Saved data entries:

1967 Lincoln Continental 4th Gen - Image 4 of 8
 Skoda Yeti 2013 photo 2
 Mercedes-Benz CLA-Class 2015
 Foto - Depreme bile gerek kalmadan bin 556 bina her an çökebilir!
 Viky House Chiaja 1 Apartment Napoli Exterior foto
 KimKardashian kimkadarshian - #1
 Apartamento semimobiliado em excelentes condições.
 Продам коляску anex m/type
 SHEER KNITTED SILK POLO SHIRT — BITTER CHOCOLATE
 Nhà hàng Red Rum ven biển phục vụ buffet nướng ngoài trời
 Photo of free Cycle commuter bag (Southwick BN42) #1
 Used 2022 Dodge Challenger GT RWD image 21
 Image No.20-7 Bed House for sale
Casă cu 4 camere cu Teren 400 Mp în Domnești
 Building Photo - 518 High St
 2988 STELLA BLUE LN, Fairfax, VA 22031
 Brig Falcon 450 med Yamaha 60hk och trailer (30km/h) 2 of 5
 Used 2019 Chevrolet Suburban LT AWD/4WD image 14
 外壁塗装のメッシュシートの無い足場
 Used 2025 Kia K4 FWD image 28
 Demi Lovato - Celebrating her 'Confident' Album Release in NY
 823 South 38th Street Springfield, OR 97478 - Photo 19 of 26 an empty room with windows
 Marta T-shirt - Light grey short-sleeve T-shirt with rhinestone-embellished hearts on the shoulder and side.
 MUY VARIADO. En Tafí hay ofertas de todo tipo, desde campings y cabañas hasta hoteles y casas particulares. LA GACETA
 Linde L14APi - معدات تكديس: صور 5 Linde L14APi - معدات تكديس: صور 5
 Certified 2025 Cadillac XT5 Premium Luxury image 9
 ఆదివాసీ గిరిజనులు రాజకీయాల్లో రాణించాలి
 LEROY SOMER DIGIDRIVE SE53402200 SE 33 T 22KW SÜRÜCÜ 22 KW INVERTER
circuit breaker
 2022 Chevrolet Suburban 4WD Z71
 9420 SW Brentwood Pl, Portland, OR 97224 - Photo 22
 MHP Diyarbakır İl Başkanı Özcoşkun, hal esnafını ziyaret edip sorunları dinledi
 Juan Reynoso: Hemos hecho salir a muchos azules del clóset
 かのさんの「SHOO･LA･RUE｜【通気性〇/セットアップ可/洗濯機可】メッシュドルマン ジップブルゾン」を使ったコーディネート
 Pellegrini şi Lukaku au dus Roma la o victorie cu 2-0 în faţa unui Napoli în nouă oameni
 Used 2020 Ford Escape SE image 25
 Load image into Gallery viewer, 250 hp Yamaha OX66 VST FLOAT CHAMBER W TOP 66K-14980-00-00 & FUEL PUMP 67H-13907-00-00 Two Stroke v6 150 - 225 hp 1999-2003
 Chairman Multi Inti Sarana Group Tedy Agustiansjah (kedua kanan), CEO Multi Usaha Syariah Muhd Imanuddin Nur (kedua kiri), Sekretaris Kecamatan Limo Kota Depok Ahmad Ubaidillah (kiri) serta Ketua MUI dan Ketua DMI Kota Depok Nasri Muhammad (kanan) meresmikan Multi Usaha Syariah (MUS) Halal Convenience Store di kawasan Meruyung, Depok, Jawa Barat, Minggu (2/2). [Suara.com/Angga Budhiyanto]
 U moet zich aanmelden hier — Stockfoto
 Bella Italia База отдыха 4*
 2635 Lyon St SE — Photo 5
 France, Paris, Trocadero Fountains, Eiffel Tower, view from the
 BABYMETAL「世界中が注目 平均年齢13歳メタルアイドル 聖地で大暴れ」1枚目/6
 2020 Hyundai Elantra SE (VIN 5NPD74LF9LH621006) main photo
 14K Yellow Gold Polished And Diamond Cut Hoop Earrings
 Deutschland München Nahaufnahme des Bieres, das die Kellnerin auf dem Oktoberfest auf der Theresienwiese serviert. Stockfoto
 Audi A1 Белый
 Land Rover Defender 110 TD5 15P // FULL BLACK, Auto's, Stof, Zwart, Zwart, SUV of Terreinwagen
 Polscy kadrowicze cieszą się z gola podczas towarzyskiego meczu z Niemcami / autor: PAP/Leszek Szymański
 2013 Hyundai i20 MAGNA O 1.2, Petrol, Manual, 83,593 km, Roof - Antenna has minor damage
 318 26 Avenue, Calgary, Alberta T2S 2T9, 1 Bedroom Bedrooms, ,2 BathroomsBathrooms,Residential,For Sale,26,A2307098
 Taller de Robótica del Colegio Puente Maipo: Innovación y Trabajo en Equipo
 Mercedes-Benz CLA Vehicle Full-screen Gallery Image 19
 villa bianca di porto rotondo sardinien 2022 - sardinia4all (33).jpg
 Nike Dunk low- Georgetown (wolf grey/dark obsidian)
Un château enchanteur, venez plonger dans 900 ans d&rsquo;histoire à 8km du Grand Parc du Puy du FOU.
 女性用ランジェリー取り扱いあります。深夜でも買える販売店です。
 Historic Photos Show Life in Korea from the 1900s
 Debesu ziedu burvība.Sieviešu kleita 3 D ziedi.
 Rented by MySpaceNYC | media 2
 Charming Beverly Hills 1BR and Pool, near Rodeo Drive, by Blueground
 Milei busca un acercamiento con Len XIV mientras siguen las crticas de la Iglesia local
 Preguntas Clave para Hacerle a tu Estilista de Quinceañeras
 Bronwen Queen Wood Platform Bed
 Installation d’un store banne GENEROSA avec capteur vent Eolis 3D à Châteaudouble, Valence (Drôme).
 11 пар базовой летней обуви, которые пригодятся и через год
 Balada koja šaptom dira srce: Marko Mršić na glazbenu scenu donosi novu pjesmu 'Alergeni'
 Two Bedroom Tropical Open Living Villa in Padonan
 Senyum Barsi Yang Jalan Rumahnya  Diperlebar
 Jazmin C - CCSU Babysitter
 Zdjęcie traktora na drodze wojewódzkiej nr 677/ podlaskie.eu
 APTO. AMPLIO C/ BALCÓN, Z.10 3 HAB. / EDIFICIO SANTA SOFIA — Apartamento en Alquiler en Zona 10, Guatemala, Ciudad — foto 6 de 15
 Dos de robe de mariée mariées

WHAT THE TASK REQUIRES: From the start of the data to the line that holds "Apartamento semimobiliado em", retype each line exactly, with both ends included.

SOLVED EXERCISE:
1967 Lincoln Continental 4th Gen - Image 4 of 8
 Skoda Yeti 2013 photo 2
 Mercedes-Benz CLA-Class 2015
 Foto - Depreme bile gerek kalmadan bin 556 bina her an çökebilir!
 Viky House Chiaja 1 Apartment Napoli Exterior foto
 KimKardashian kimkadarshian - #1
 Apartamento semimobiliado em excelentes condições.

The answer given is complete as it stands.